» What this task involves
Each line below must be transcribed exactly, and no picture may appear in the transcription.

» Input data
○ ○ ○ ○ ○

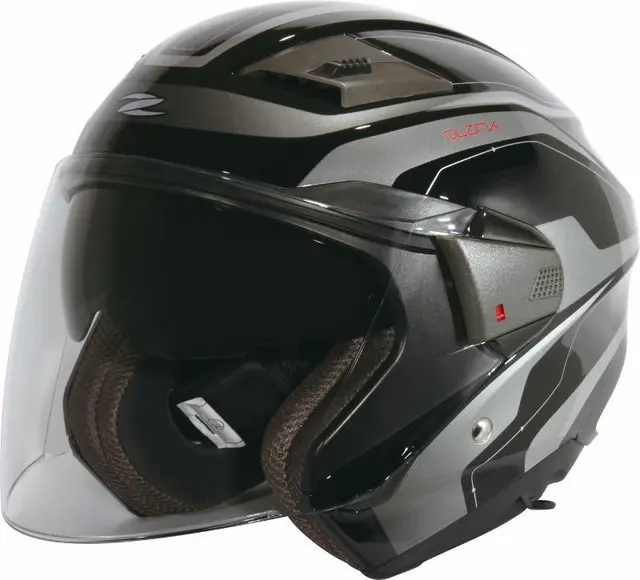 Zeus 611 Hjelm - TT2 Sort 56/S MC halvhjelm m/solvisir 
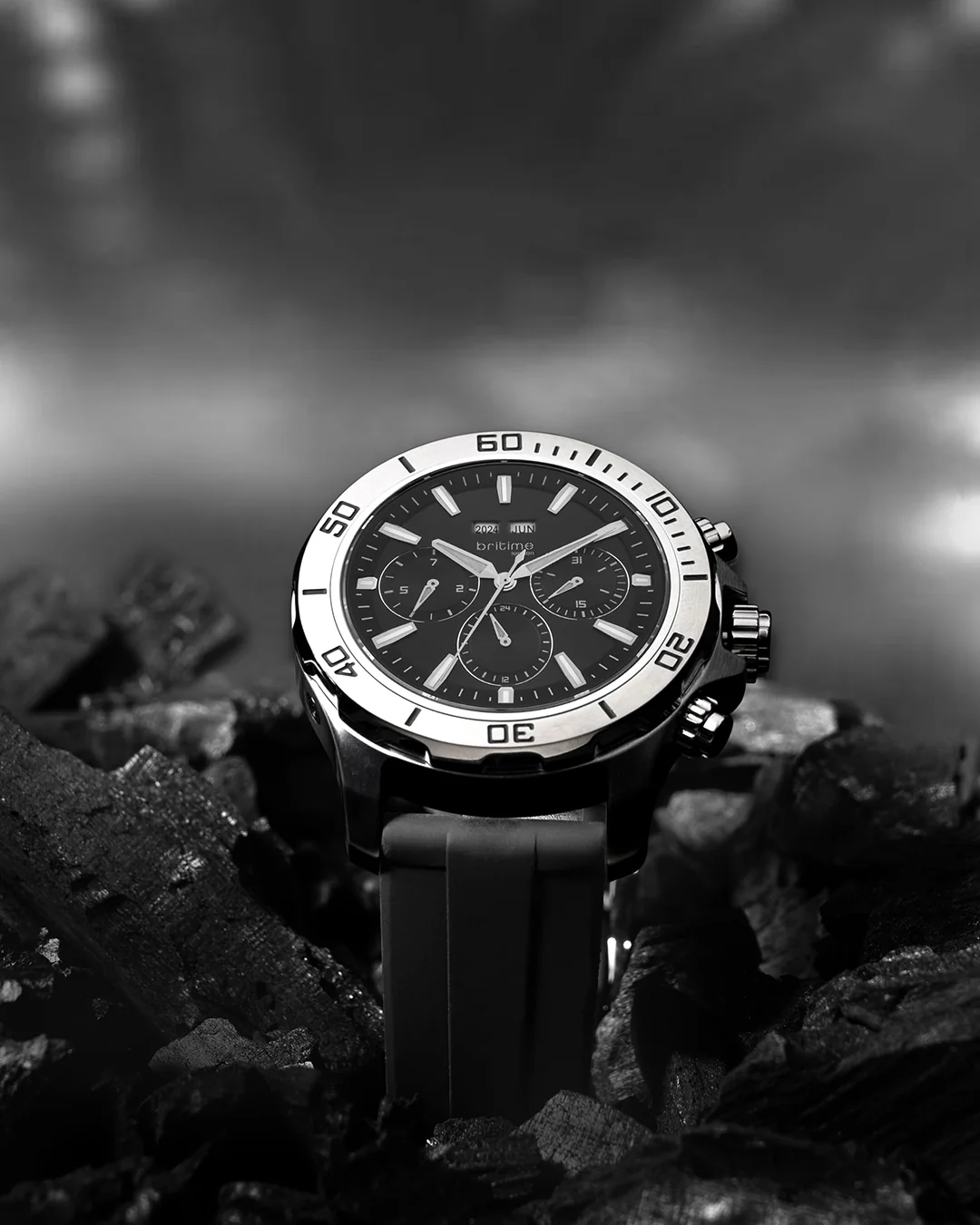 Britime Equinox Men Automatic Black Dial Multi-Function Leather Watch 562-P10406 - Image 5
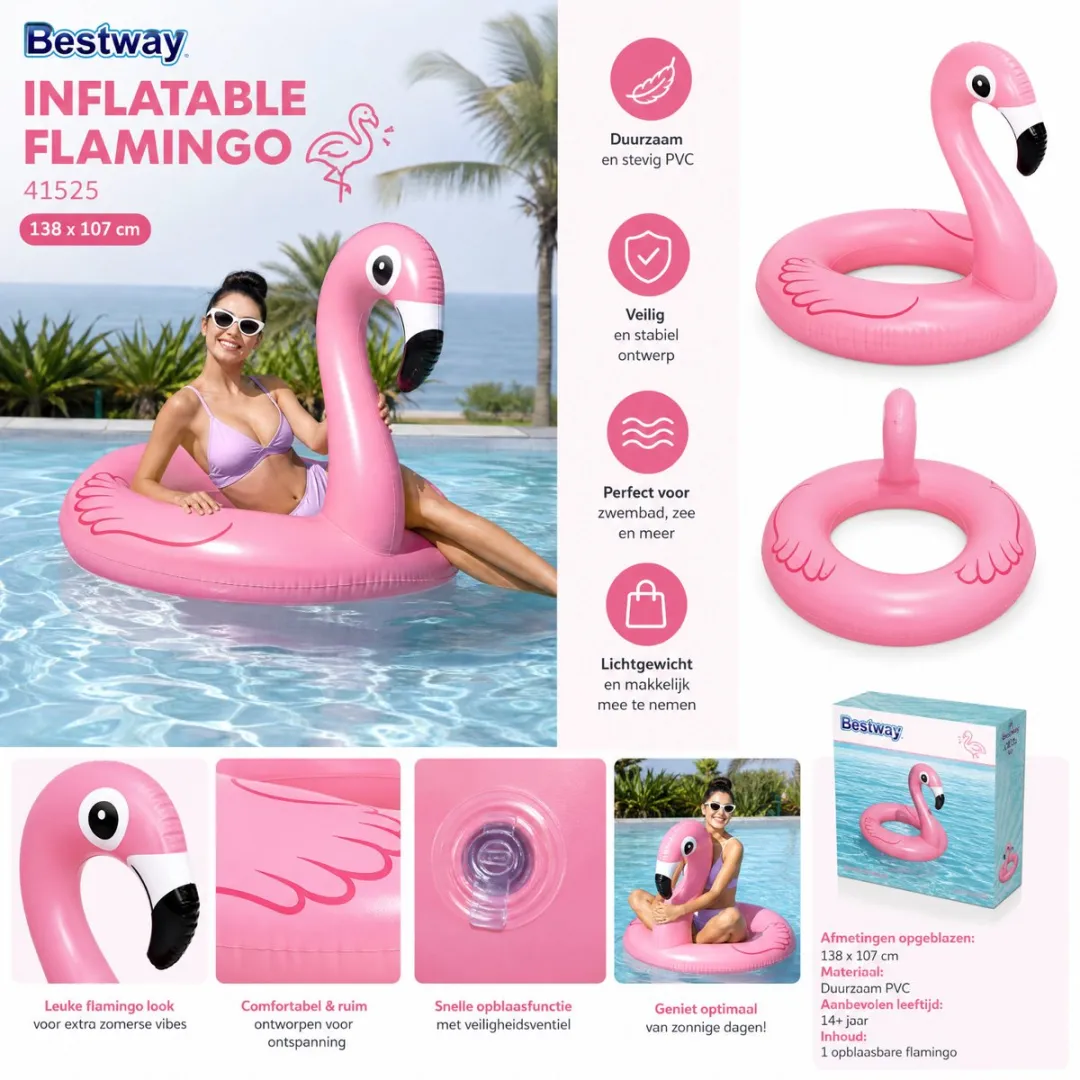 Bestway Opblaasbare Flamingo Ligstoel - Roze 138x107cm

○ ○ ○ ○ ○

» Problem solution
 Zeus 611 Hjelm - TT2 Sort 56/S MC halvhjelm m/solvisir 
 Britime Equinox Men Automatic Black Dial Multi-Function Leather Watch 562-P10406 - Image 5
 Bestway Opblaasbare Flamingo Ligstoel - Roze 138x107cm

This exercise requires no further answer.